We’ve said it many times before. Test cricket can offer something that no other sport can.
You can’t have a tense hour in a football match because it’s two thirds of the game. In a Test match, 60 minutes can be a tight finish.
In a five-day match, everyone’s got more vested in it. The players have been working their arses off for nearly five days and they want all that effort and all those emotions to come to something.
If you’ve been following the game as a fan, you’ve been making an emotional investment too. This is why overnight is such a crucial part of the Test match experience. Nothing’s physically happening during that time, but we’re all investing in the story and that makes for a bigger emotional pay-off.
Compounding this is the very nature of a nine-wickets-down Test climax. After five days of conflict, victory and loss happen in an instant. Every single delivery has the potential to be the finishing blow. And guess what? The batters trying to evade the terminal strike are the tail-enders – the very people who have been judged by their own team to be least qualified to do the job.
It’s an entirely false notion that fans only want to watch elite athletes doing things brilliantly. The fragility borne of having fallible protagonists only makes events MORE exciting. And then if they succeed – if they actually survive – it feels like an even bigger deal.
Draws are great because draws make Test wins better. There’s one XI, there’s another XI and then there’s circumstances.
A win requires more than merely being better than the other team. You have to be good enough to beat them on that pitch, in that weather, within five days. Conversely, a draw can mean you’ve survived against that opposition, on that pitch, in that weather, for five days. If you could have put in all that effort and ended up with less to show for it then of course a draw is an achievement.
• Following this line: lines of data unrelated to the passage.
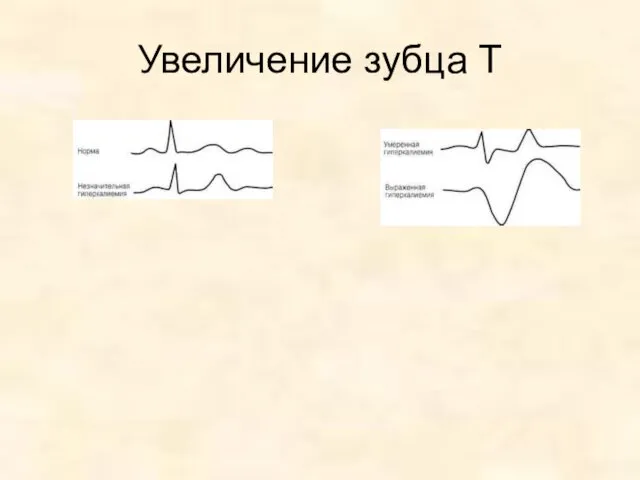 Увеличение зубца Т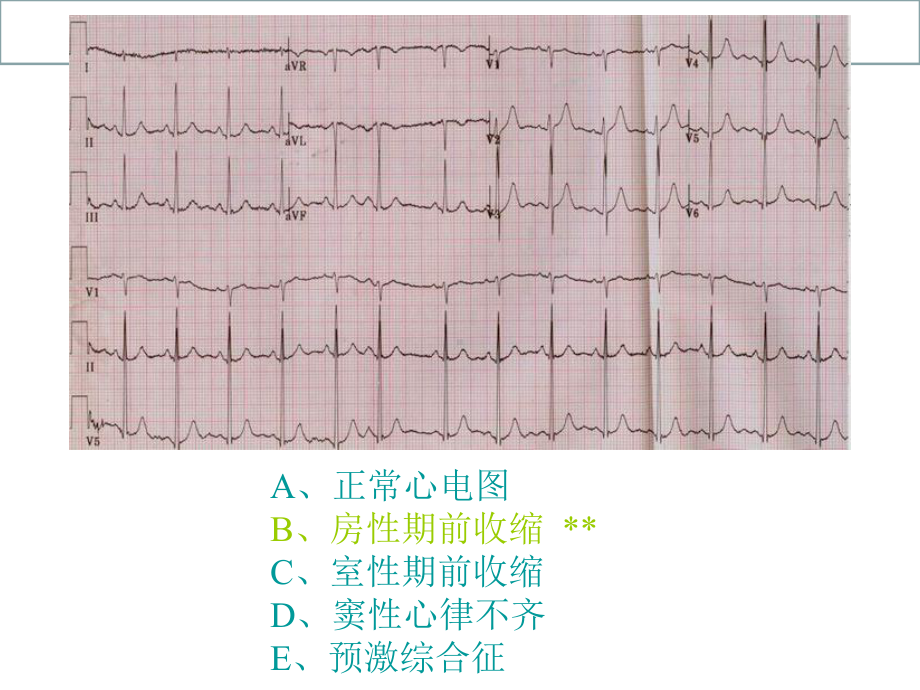 心电图X光片测试题目课件.ppt_第3页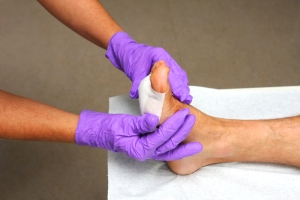 Keeping Pressure Off Foot Wounds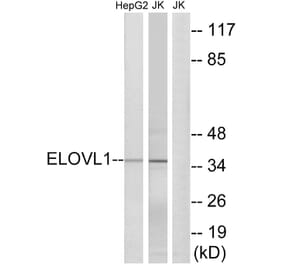 Western Blot - Anti-ELOVL1 Antibody (C15617) - Antibodies.com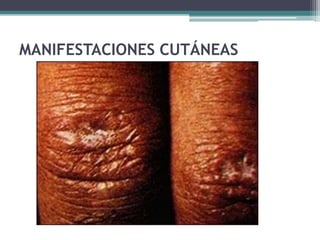 MANIFESTACIONES CUTÁNEAS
Agreed. Humdinger matches like these is what makes Test Cricket standout against other sports. Today’s match reminded me of this Eng vs SL encounter in 2014: https://www.espncricinfo.com/series/sri-lanka-tour-of-england-and-ireland-2014-667875/england-vs-sri-lanka-1st-investec-test-667899/full-scorecard
Agreed. Ish & Wagner v England an obvious favourite of mine.
Watched the last hour at my parents house, gripping cricket with the non-cricketing highlight being dad telling mum to sod off when she suggested we leave the tv to have dinner.
Curiously, this article raises the difference between the contextual meanings of ‘vested’ and ‘invested.’ Alastair Cook is familiar with vestments.
Brings to mind, “the 2013 King Cricket Ashes and Priestly Vestments Summer Crossword,” by Bert.
https://www.kingcricket.co.uk/the-2013-king-cricket-ashes-and-priestly-vestments-summer-crossword-by-bert/2013/06/28/
I remember, as a child, being utterly entranced by the idea of the draw in longer-form cricket.
I think my first experience of the thrill that arises from “8 or 9 down finishes” must have been watching schools matches, as I don’t recall any such endings in home tests in the mid 1970s when my interest in cricket was born.
Since then, I have experienced many at the highest level. The one that sticks in my mind the most, though, not least because Daisy and I experienced this ending together live, was Surrey v Middlesex in 2009. A surprising number of familiar names in this piece, some still playing, one tragically departed:
https://www.cricketnetwork.co.uk/main/s66/st144318.htm
There are bore draws, but then there are boring wins too. Nail-biter endings, where the draw is part of the equation, are simply the best.